According to a recent press release, thrash metal icons Megadeth and horror-show producer Rob Zombie will co-headline on a tour beginning in May 2012. This interesting pairing pits the two aforementioned aspects of metal against each other.
I saw Rob Zombie (then White Zombie) perform with Pantera in Wichita, Kansas in 1993. White Zombie had just released their highly successful La Sexorcisto: Devil Music, Vol. 1 and put on a thematic show, complete with large movie screen in the back center-stage – depicting horror show clips. It’s a cool gimmick and one that goes well with Zombie’s nonsense-lyric groove metal.

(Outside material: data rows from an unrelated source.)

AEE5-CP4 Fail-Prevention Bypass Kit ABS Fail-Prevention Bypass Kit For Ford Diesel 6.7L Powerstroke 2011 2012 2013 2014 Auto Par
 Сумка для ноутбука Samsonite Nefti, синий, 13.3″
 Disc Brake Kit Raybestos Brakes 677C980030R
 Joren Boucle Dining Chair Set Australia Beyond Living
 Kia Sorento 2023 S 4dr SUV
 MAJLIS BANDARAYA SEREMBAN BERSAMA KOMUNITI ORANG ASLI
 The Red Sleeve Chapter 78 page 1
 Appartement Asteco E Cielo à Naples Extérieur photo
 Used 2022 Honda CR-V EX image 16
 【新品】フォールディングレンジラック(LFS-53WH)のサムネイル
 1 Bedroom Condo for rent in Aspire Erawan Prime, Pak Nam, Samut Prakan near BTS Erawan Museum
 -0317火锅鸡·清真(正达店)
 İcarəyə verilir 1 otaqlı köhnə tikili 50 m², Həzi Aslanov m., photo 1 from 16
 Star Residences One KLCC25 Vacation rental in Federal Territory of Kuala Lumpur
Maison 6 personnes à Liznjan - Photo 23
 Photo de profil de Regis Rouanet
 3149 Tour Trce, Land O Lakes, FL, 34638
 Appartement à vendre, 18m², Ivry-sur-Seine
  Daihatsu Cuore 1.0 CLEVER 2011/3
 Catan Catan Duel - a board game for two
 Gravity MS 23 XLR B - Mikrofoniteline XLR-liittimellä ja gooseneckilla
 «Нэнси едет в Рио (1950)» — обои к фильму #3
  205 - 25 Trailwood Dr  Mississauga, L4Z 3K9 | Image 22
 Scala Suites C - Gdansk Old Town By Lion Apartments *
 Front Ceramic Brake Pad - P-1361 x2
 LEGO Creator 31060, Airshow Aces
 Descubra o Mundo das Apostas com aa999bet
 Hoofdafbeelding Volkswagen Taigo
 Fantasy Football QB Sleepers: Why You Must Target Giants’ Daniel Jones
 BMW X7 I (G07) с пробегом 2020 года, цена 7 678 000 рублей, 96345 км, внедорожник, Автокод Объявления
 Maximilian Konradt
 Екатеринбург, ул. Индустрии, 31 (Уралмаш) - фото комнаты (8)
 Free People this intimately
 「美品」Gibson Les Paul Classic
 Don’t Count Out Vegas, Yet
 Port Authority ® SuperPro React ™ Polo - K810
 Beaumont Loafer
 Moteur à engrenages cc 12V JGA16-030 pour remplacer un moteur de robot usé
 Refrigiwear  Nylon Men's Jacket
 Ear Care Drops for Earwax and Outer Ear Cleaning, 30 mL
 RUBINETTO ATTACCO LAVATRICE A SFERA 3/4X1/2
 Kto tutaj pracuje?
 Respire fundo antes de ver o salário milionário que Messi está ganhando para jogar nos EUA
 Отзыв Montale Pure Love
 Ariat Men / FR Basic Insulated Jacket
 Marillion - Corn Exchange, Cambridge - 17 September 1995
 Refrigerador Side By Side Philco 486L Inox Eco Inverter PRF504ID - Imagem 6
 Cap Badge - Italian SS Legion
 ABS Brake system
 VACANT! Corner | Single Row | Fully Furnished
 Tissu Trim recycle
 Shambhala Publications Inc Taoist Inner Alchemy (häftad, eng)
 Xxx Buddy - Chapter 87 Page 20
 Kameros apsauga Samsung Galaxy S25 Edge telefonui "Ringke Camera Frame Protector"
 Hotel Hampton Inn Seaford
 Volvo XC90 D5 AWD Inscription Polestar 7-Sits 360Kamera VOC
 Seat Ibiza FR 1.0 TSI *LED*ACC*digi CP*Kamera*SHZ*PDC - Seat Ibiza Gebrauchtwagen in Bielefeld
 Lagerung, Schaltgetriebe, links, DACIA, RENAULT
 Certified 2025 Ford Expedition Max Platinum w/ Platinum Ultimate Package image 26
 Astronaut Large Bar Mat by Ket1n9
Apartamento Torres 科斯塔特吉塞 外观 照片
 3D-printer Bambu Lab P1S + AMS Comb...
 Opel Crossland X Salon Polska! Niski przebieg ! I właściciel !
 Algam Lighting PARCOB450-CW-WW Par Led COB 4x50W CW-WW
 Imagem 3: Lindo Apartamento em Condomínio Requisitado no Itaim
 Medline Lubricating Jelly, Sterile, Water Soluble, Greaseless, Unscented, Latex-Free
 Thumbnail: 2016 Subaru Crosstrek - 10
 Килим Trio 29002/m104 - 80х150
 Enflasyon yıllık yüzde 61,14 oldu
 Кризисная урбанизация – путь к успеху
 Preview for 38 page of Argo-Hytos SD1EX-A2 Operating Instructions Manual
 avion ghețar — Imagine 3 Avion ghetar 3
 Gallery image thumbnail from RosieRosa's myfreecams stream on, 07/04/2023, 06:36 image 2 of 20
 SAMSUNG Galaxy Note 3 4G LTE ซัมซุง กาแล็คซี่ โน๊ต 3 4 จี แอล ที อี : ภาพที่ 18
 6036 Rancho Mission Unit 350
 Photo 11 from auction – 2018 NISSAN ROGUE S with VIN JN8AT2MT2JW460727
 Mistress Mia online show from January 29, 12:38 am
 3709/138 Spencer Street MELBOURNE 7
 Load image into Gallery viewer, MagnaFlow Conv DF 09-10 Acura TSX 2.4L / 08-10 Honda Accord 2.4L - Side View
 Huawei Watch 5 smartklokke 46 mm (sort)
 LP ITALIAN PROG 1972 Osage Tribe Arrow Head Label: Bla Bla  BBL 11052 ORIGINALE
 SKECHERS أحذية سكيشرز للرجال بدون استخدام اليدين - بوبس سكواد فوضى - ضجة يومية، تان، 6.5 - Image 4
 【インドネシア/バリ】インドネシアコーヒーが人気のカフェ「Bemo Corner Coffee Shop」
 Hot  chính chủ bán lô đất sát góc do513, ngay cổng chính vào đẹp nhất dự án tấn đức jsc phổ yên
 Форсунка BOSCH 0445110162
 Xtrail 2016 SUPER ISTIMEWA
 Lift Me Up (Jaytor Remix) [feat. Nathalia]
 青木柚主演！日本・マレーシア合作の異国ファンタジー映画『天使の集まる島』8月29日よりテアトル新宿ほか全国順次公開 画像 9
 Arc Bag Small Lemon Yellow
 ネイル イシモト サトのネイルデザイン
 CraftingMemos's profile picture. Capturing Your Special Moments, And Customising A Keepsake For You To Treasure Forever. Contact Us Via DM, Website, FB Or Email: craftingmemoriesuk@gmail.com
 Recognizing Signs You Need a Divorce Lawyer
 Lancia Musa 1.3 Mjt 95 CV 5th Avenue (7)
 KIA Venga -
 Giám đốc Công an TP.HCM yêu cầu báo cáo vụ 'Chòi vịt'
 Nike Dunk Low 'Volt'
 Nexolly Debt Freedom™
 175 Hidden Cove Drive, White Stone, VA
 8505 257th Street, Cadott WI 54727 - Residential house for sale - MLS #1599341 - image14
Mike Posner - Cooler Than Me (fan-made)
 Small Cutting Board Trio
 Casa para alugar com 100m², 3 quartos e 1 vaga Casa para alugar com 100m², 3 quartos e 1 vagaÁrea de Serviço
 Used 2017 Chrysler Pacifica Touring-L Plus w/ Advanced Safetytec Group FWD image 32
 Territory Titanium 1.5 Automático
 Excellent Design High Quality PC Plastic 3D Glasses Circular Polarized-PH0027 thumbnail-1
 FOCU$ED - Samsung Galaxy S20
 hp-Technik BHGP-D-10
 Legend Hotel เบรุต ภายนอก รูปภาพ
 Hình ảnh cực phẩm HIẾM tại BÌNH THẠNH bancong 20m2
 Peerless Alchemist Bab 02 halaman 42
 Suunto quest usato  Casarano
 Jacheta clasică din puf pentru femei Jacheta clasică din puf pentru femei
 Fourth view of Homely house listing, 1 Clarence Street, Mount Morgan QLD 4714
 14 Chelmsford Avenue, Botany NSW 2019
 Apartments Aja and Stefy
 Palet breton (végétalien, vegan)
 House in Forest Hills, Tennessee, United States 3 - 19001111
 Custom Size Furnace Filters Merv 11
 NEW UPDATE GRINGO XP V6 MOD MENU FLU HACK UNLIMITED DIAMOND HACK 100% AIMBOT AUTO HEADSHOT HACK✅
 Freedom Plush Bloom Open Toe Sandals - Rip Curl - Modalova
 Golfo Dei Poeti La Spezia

|Rob Zombie: Metal Theater|
Megadeth, whom I've seen multiple times, are more straightforward and forgo even pyrotechnics in favor of letting their guitars and crowd interactions thrill the audience. Their music has, for the most part, stood the test of time - and are now enjoying renewed interest from audiences all over the world.
Here’s what I think. Rob Zombie will put on a good show. Megadeth will put on a good show. Yet, several years from now those in attendance will be happy to say they had seen Megadeth live since Megadeth’s music will still remain relevant. Rob Zombie’s show will, like all good horror gimmicks, fade in one’s memory.
It is probably not coincidental that White Zombie became commercially successful during the 1990’s, a decade that almost killed thrash metal. At that time, people were suckers for musical gimmicks that, in retrospect, were simply the flavor du jour. Remember grunge, rap metal, and Load/Reload?
So for those of you metalheads lucky enough to go to this undoubtedly entertaining show, please remember that metal comes in a wide variety of flavors – to include both thrash and theater. In a few years, however, don’t be surprised when popcorn metal seems but a distant memory to thrash at its finest.